The year 2018 could be termed as one of the landmark years in the history of Indian Space Science. From innovating with limited resources in the 1960s to launching a record 104 satellites in mission mode-both Indian Space Research Organisation (ISRO) and India have come a long way in this space odyssey. ISRO’s big launches in 2018 included a remote sensing earth observation satellite in the Cartosat-2 series, a GSAT-6A communication satellite, and eight navigation satellites to join the IRNSS Space Segment, GSAT-29 for communication, HysIS for earth observation and the GSAT-11 Mission with the Ariane-5 launch vehicle from France, for communication.
The latest launch was of the GSAT-7A satellite, on December 19, on-board GSLV-F11 from the Satish Dhawan Space Centre off the coast of Andhra Pradesh. The year 2018 also saw some important initiatives, including bringing in private entities to build satellites. The UR Rao Satellite Centre has signed work order contracts with different vendors, to help in the assembly, integration and testing for satellites. These firms will build 27 satellites, to be launched before 2023. These would comprise seven communication, 12 Earth observation, five navigation and three science satellites.
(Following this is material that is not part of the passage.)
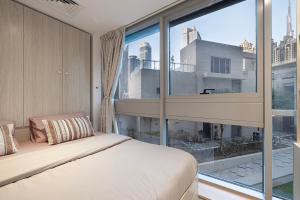 迪拜Next'Living - Luxury Private Room in a CoLiving Villa的一间带床和大窗户的卧室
The year 2018 will also be remembered for ISRO crossing the milestone of lifting and putting into orbit over 250 foreign satellites bringing the total to 269 foreign satellites. There has been the sanction for a Manned ‘Gaganyaan’ Mission and the operationalization of the heaviest rocket, steps to license out lithium ion (Li) battery technology, introduction of new technologies in rockets and satellites and the decision to go ahead with the Indian Data Relay Satellite System (IDRSS), among others.
Giving a major strategic boost to the Indian Air Force (IAF), ISRO on 19th December successfully launched a dedicated military communications satellite, GSAT-7A, exclusively designed for the country’s air wing to strengthen its network-centric operations. The satellite would enable the IAF to interlink different ground radar stations, ground airbase and airborne early warning and control (AWACS) aircraft. It would also help in controlling unmanned aerial vehicle (UAV) operations. From successfully orbiting the indigenous “eye-in-the-sky” Cartosat-series of remote-sensing satellites having both civilian and military applications to launching dedicated satellites for its Navy and the Air Force, India has finally achieved success in this direction.
The year 2018 also saw sanctions for infrastructure augmentation-connected and non-connected with the proposed manned mission. Indian Data Relay Satellite System (IDRSS satellites will be placed in geostationary orbit, enabling satellite to satellite communication and reducing the dependence on the ground stations. “There will be two IDRSS satellites of which one is targeted to be flown next year,” ISRO Chairman Dr. K. Sivan has said.
Prime Minister Narendra Modi on Independence Day this year had announced that by 2022, when India completes 75 years of independence, ‘an Indian would go to space with a tricolour [Indian flag] in their hands’. The pragmatic leadership of Prime Minister Modi and his commitment to take Indian Space mission to greater heights is noteworthy. Indian space scientists are not only leading critical space missions slated for the near future but also making a mark in areas such as space design. Some of the brightest ideas for new and miniature satellite designs (CubeSats) in recent years have emerged from India.
Looking forward to 2019, ISRO will also be busy with the Chandrayaan-2, India’s second moon mission slated for launch in January; flying its new Small Satellite Launch Vehicle (SSLV) rocket. Another important mission would be the launch of the two-satellite Indian Data Relay Satellite System (IDRSS), of which one will be launched in 2019. It will maintain continuous communication with India’s remote sensing/earth observation satellites and with the Geosynchronous Satellite Launch Vehicle Mark-III (GSLV Mk-III) that is planned to carry three Indian astronauts to space in 2022.